Una zorra, en busca de su pitanza, merodeaba tratando de apresar algún tierno corderillo lechal, que es su más fácil presa. Los perros no olían a la zorra, pues el aire venía de sitio opuesto. Paso a paso, solapadamente, se iba acercando el depredador al indefenso recental.

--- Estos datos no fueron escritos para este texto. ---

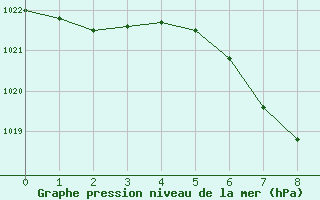 Courbe de la pression atmosphrique pour Koetschach / Mauthen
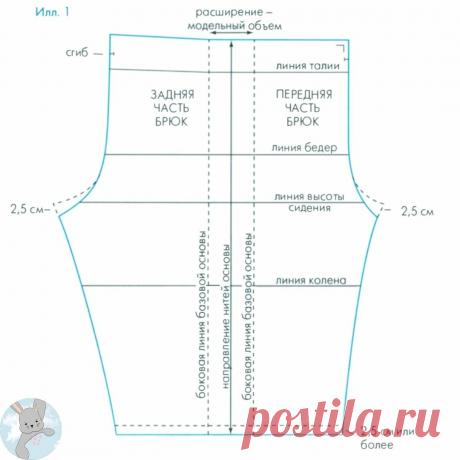 Взяла 50 сантиметров трикотажа и сэкономила около 1000 рублей — показываю, как я сшила за 20 минут дочке бриджи | Творческие будни | Яндекс Дзен
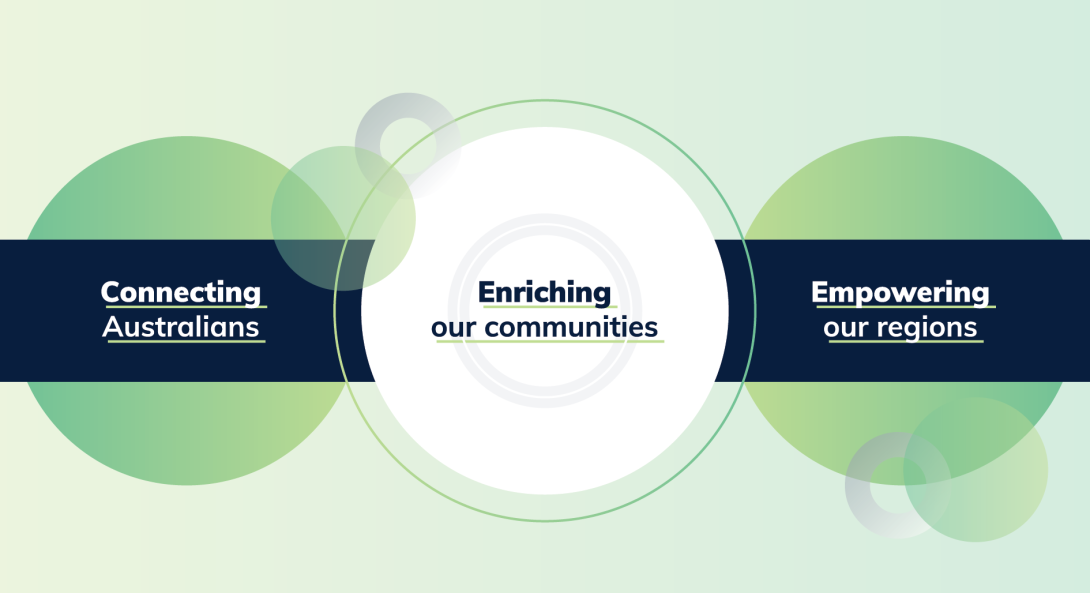 Diagram showing 3 connected and overlapping circular shapes: "Connecting Australians" (left), "Enriching our communities" (centre), and "Empowering our regions" (right). 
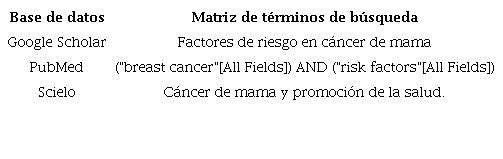 Bases de datos consultadas y matriz de t�rminos de b�squeda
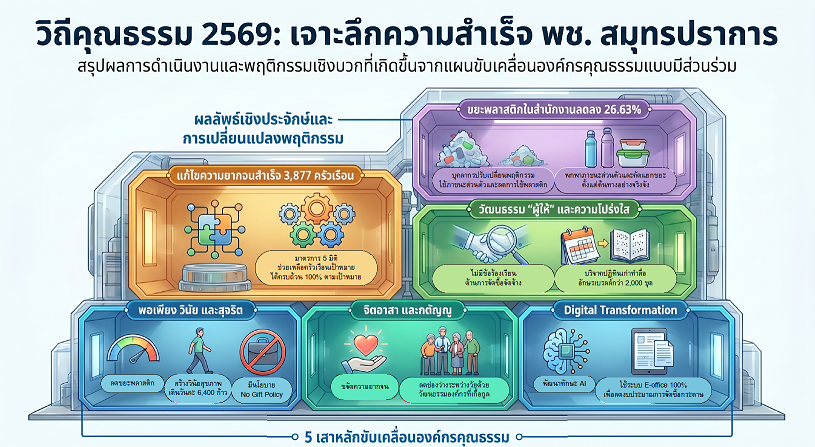 เจาะลึกความสำเร็จการดำเนินงานองค์กรคุณธรรม สพจ.สมุทรปราการ ปี 2569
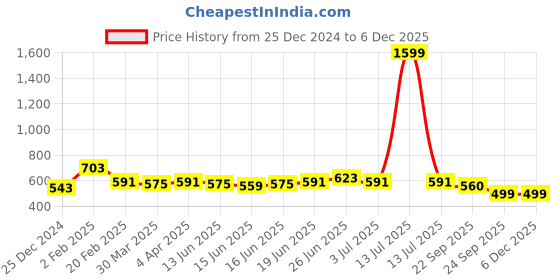 myntra.com IVOC Men Printed Pockets T-shirt ivoc Price History Graph from 25 Dec 2024 to 5 Dec 2025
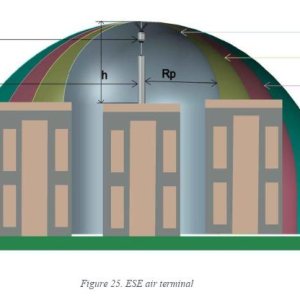 Multi-point air terminals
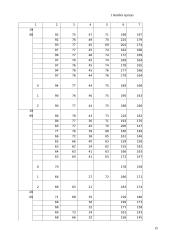 Lietuvos medienos rinka 1994-2001 metais 15 puslapis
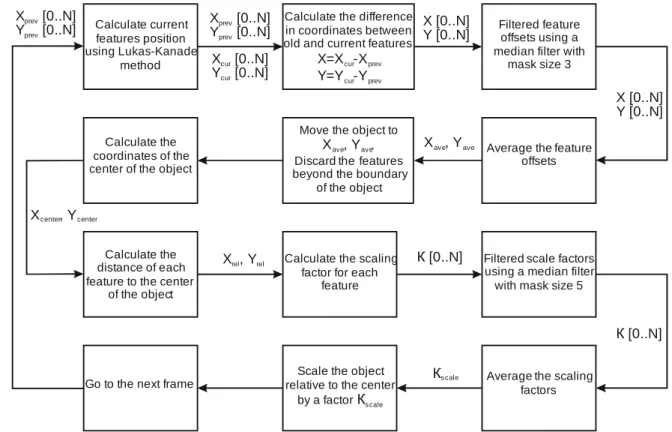 Fig. 3.  The scheme of modified tracking algorithm. 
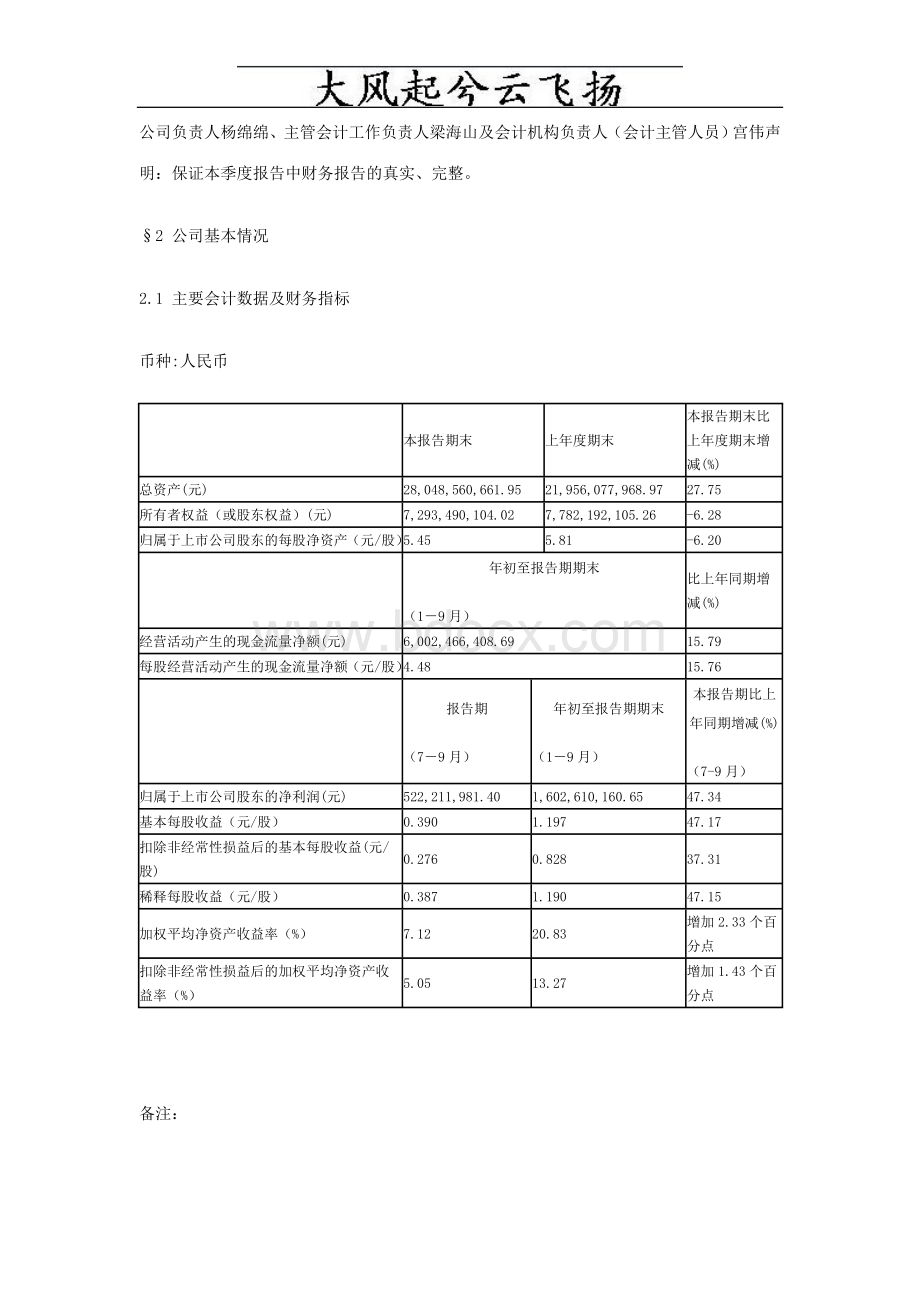 Crwpig青岛海尔股份有限公司2010年财务报表.doc_第2页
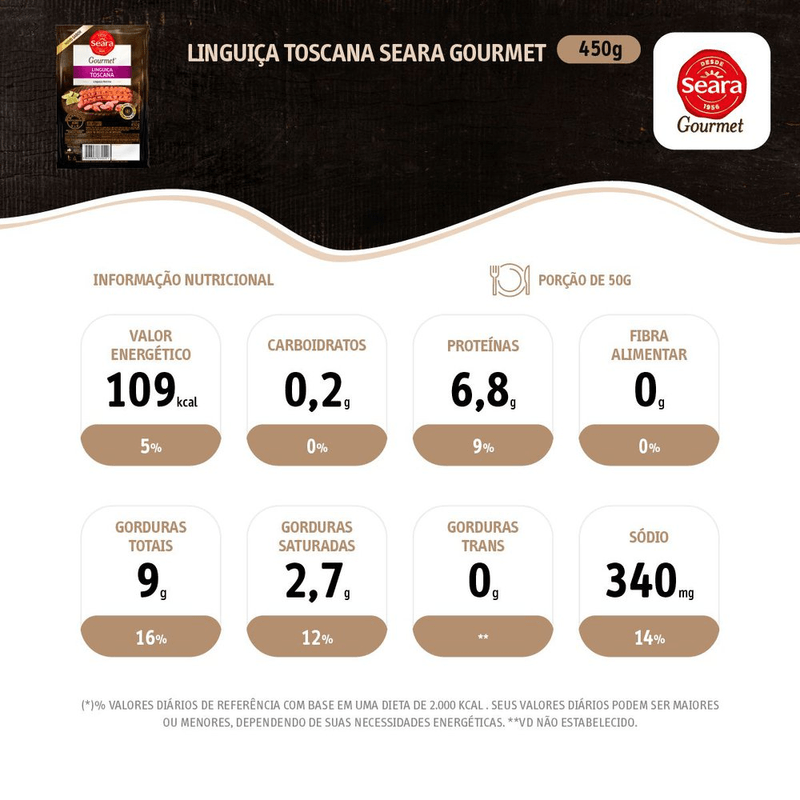 7894904281534-Linguica-fininha-toscana-Seara-Gourmet-Carone-4-.png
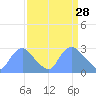 Kenilworth Aquatic Garden tide chart for Saturday, March 28, 2026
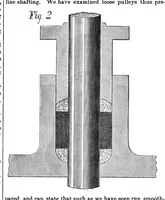 Picture 12 of 17 from Scientific American, Vol. 34, No. 25 (1876) (1876), leaf 7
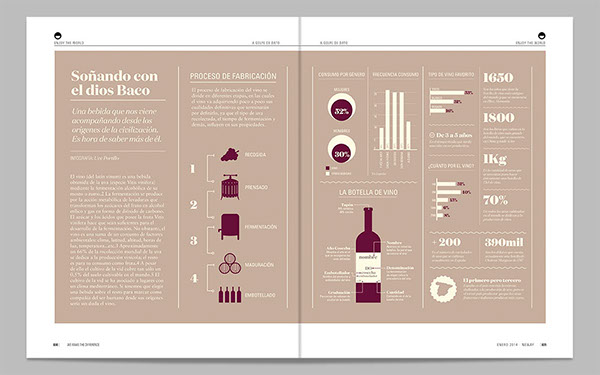 editorial design infographic magazine neway Michael Fassbender showroom Oporto jamie cullum obama no1 mag print publication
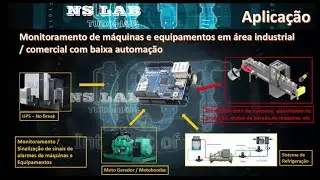 Arduino - Python - Power BI: Tutorial 2/3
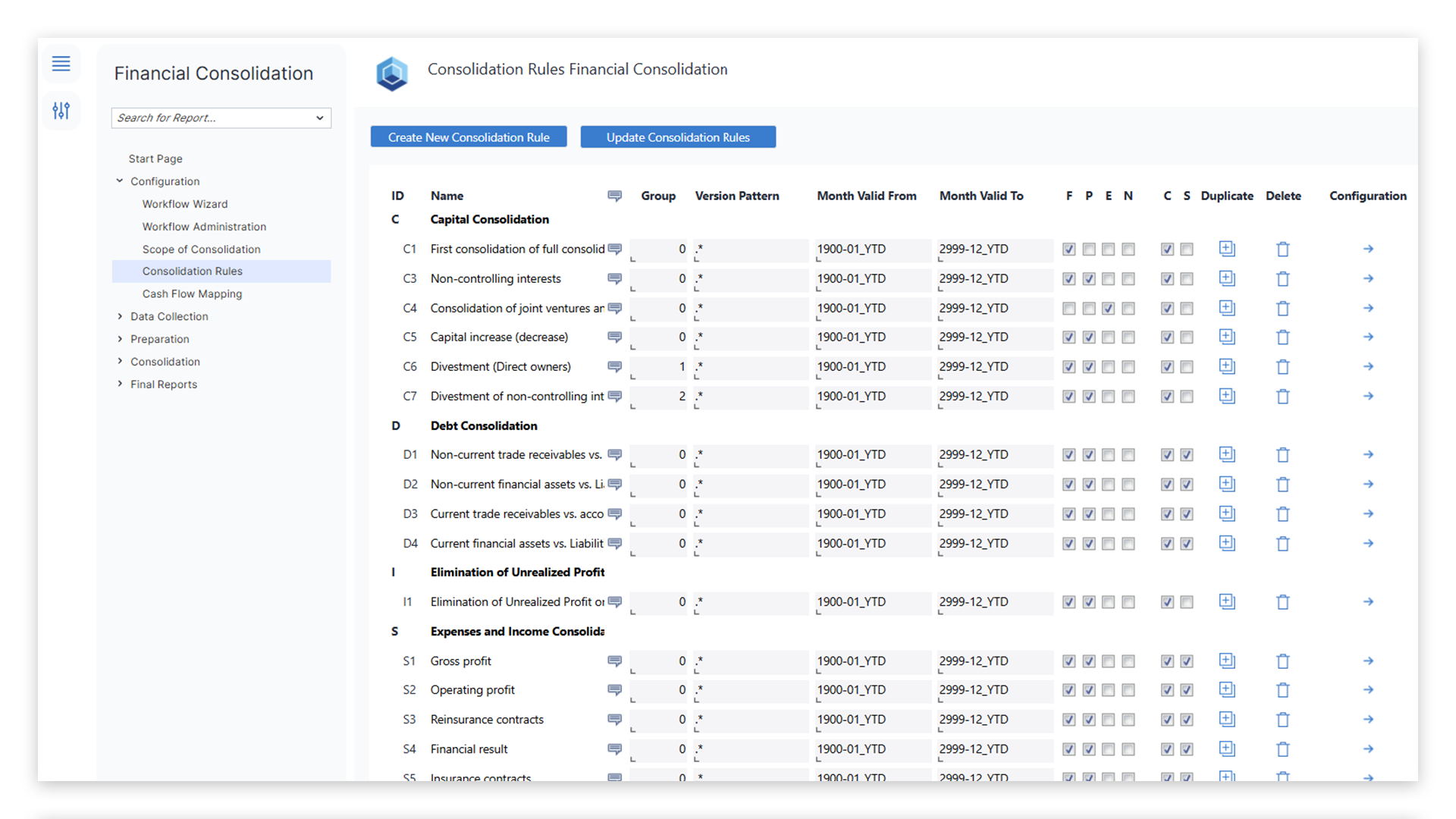 jedox financial consolidated rules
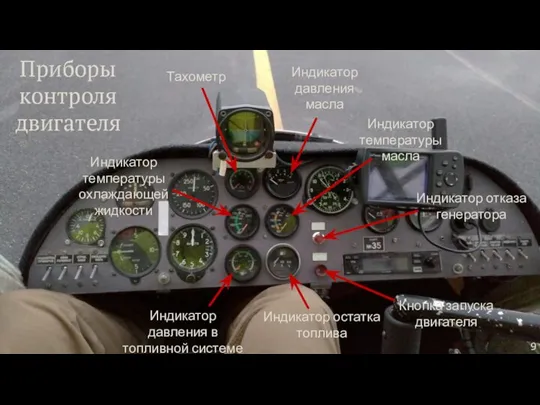 Индикатор давления в топливной системе Индикатор температуры охлаждающей жидкости Индикатор отказа генератора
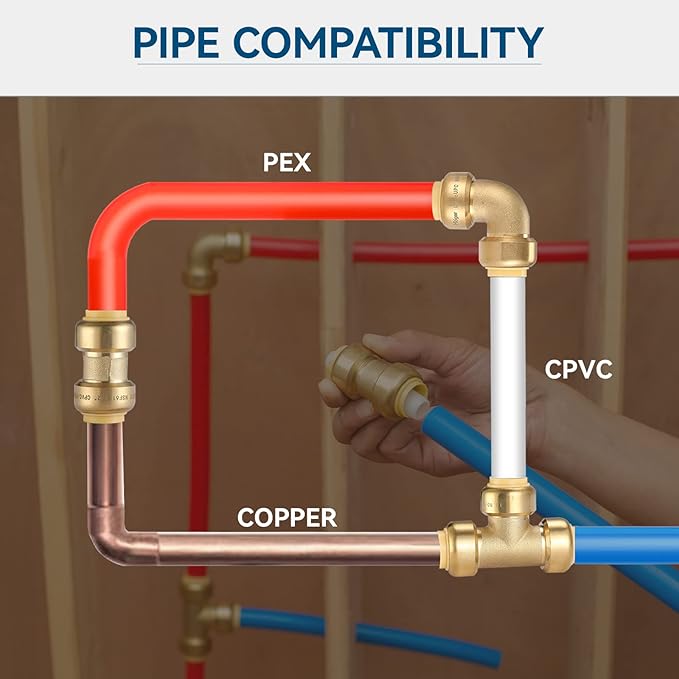 3/4" Pushfit Tee,5 Pack PEX Brass Push-fit Tee with 1 Pack Disconnect Clip, Push-to-Connect Plumbing Fittings for PEX, Copper, CPVC
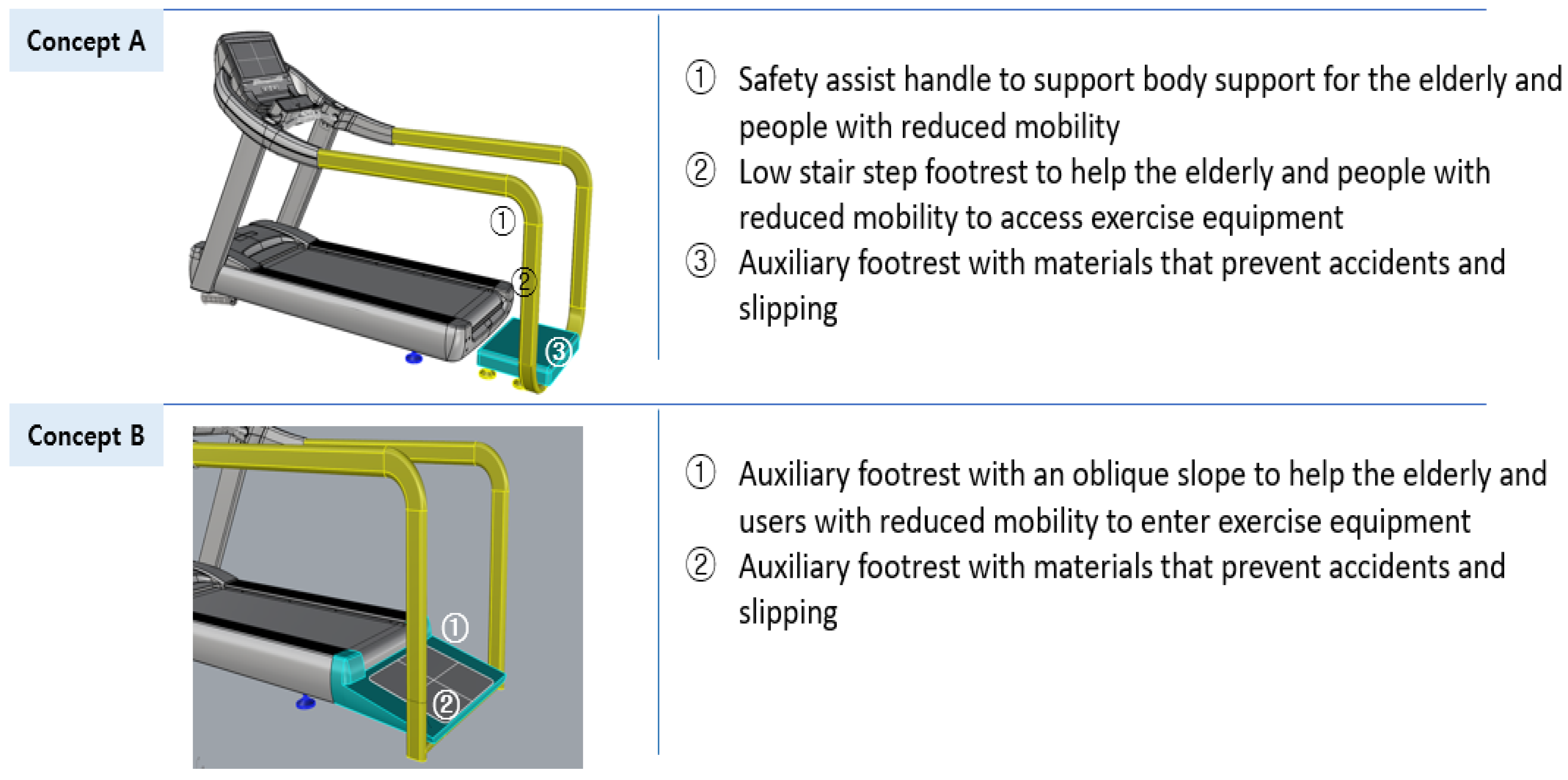 Healthcare 10 02278 g009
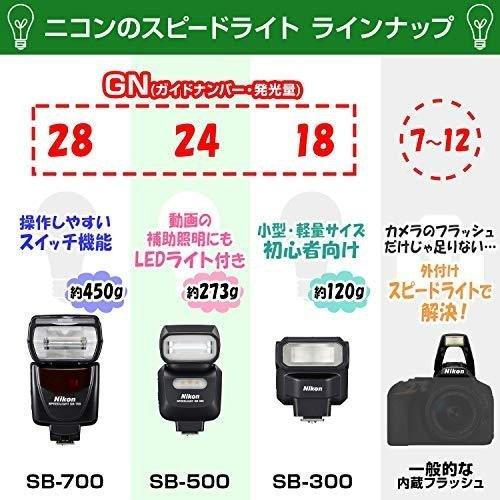 Nikon スピードライト SB-300 ニコン｜greenandgreen｜03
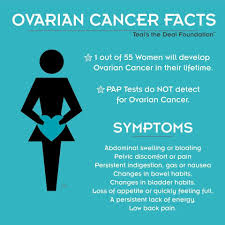 Pin On Ovarian Cancer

Al apercibirse la cordera, con los nervios tensos, salió corriendo en ayuda de su tierno hijo. La zorra ya casi tenía en sus fauces al indefenso corderillo y la madre corría, ganando terreno desesperadamente, cuesta abajo y ya próxima a su retoño. En su apresuramiento olvidó soltar la gran rama con hojas que estaba comiendo y la mantenía atenazada fuertemente con sus mandíbulas; mostraba así el animal un aspecto insólito que más parecía un astado ciervo que una inocente cordera, lo que, añadido a la veloz carrera, simulaba un feroz ataque.

La zorra, al advertir la presencia de aquel extraño cérvido cubierto de lana blanca y con unas astas cargadas de hojas, se llenó de pánico y a la carrera huyó del lugar, abandonando la presa.

Del frustrado drama no se había apercibido ninguno de los pastores, a excepción de un zagalillo que quedó inmóvil al no poder acudir en auxilio del cordero por encontrarse alejado del sitio de los acontecimientos.
Al ver el zagal el fiasco de la zorra y el supuesto valor de la cordera, con mirada alegre exclamó: ¡vaya fiera!, y achuchó a las demás reses hacia el aprisco. La madre acarició a su corderito con ternura, soltando de la boca la retorcida rama de encina.

Venía el ocaso, y los pastores, agrupados para pasar la noche, encendían fuegos y comentaban con asombro el relato del zagal sobre el singular combate de una zorra con una “feroz” cordera.